» **Data excerpt**:
##############################

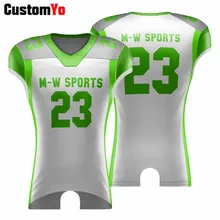 Зеленая и белая футболка для футбола на заказ, ваш собственный дизайн, футболка для американского футбола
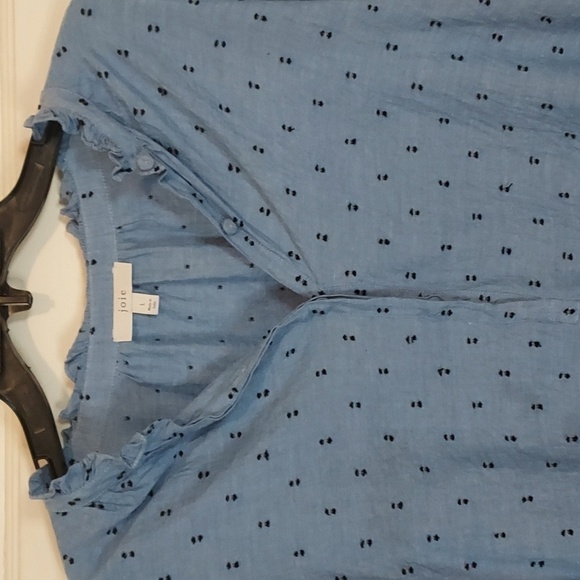 Joie Idonian Clip Dot Chambray Embroidered Long Sleeve Ruffle Blouse - Picture 6 of 12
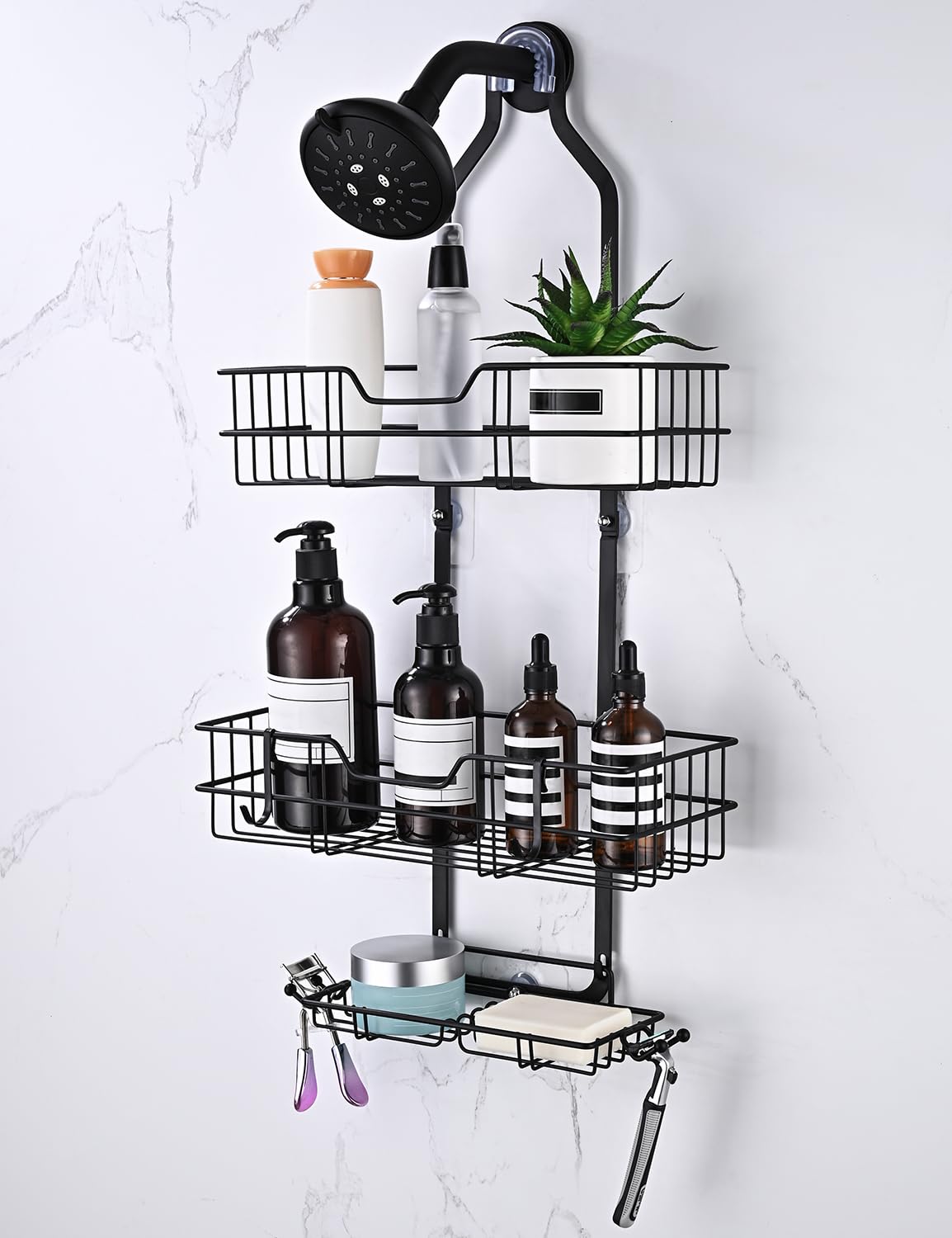 Hoomtaook Hanging Shower Organizer, Over Head Shower Caddy Hanging, Shower Storage Rack Basket with Hooks, Bathroom Organizer for Shampoo, Razor and Soap, Rustproof, Anti-Swing - Black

##############################

» **Instructions to follow**: Take the listing and print it again exactly, but without any pictures.

» **Written answer**:
 Зеленая и белая футболка для футбола на заказ, ваш собственный дизайн, футболка для американского футбола
 Joie Idonian Clip Dot Chambray Embroidered Long Sleeve Ruffle Blouse - Picture 6 of 12
 Hoomtaook Hanging Shower Organizer, Over Head Shower Caddy Hanging, Shower Storage Rack Basket with Hooks, Bathroom Organizer for Shampoo, Razor and Soap, Rustproof, Anti-Swing - Black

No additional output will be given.